A non-motorized tread rate of rotation or “speed” can be increased by increasing the longitudinal force acting upon the tread 40. To do so in accordance with the present invention, the tread incline angle is increased. FIGS. 6a-6b show the same magnitude of downward force 90 applied to the tread 40 as was described above in relation to FIGS. 5a-5b. The magnitude of the longitudinal force 92 is equal to the magnitude of the downward force 90 multiplied by the sine of the angle of incline, and the magnitude of the longitudinal force will be relatively large when the angle of incline of the tread 40 is large. The larger longitudinal force rotates the tread 40 about the rollers 42, 44 at a higher rate of rotation “speed”.

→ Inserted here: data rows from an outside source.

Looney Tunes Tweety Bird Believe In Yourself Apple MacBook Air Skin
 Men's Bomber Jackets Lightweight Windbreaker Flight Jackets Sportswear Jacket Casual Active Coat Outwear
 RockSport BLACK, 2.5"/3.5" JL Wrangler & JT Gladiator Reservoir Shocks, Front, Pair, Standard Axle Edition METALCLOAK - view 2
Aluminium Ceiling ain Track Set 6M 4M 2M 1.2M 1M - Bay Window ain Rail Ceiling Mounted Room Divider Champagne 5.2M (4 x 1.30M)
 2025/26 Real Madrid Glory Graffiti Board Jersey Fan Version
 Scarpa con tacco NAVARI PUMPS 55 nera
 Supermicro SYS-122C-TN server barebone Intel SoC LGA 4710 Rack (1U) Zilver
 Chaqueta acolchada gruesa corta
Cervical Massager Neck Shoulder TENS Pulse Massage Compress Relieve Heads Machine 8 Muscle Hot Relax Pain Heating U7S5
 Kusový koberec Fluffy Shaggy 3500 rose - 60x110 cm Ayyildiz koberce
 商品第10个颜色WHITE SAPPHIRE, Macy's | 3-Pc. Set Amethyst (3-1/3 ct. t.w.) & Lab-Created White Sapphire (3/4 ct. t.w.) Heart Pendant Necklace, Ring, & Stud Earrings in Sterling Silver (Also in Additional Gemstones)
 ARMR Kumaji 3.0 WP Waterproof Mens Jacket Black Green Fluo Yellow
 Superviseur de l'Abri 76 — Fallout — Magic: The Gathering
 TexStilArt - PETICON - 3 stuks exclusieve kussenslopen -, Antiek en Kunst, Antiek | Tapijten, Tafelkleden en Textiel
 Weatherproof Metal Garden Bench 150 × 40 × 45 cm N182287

FIGS. 5 a-6b show how the treadmill 10 of the present invention can adjust the speed of the tread 40 by altering the incline angle of the tread 40 using the angle adjustment mechanism 80. In operation, an operator on the treadmill 10 can increase the speed of the tread 40 by increasing the incline of the tread 40 to increase the magnitude of the longitudinal force 92. Similarly, an exercise training program can be used to direct the controller 75 to compare the current speed of the tread 40 with a target speed, and based on the results of the comparison, the exercise program can direct the controller 75 to increase the speed of the tread 40 by increasing the incline of the tread 40 to increase the magnitude of the longitudinal force 92. Conversely, the speed of the tread 40 can be reduced by decreasing the incline angle thereby reducing the longitudinal force 92, and the speed of the tread 40.

FIGS. 7 and 8 illustrates the treadmill 10 with the compartment cover 50 removed, to show a belt 52, a flywheel 55, a sensor 60, a generator 65, a battery 66, a controller 75, and a lift motor 85. The flywheel 55 and tread 40 are operatively engaged to one another by the belt 52, so that as the tread 40 moves in the longitudinal direction, a front roller 42, illustrated in FIG. 8, is turned, driving the belt 52, which in turn rotates the flywheel 55. The flywheel 55 acts as an energy storage device, storing a portion of the kinetic energy of the tread 40 in the spinning flywheel as inertia. The flywheel 55 can also supply some of this stored energy back to the tread 40. By sharing kinetic energy between the tread 40 and the flywheel 55, a more uniform speed of the tread 40 can be maintained. The flywheel 55 is not required to be connected to the tread 40 in this specific manner. For example, the flywheel 55 could be mounted directly onto the front roller 42, so that the flywheel 55 would be an integral part of the front roller 42. A specific configuration is described here, but other configurations can be used to perform the same function while remaining within the scope of the invention.

A generator 65 is also shown operatively mounted on the same shaft 56 as the flywheel 55, and is driven by the rotation of the front roller 42. A treadmill 10 of the present invention could have a flywheel 55 with no generator 65, a generator 65 with no flywheel 55, both a flywheel 55 and a generator 65, or neither. Additionally, it should be noted that a flywheel 55 or generator 65 may be mounted in other locations, and in engagement with the tread 40 by an appropriate mechanical or electrical system, including pulleys and belts, or the flywheel 55, and generator 65 can have different geometries than that shown in FIGS. 7 and 8.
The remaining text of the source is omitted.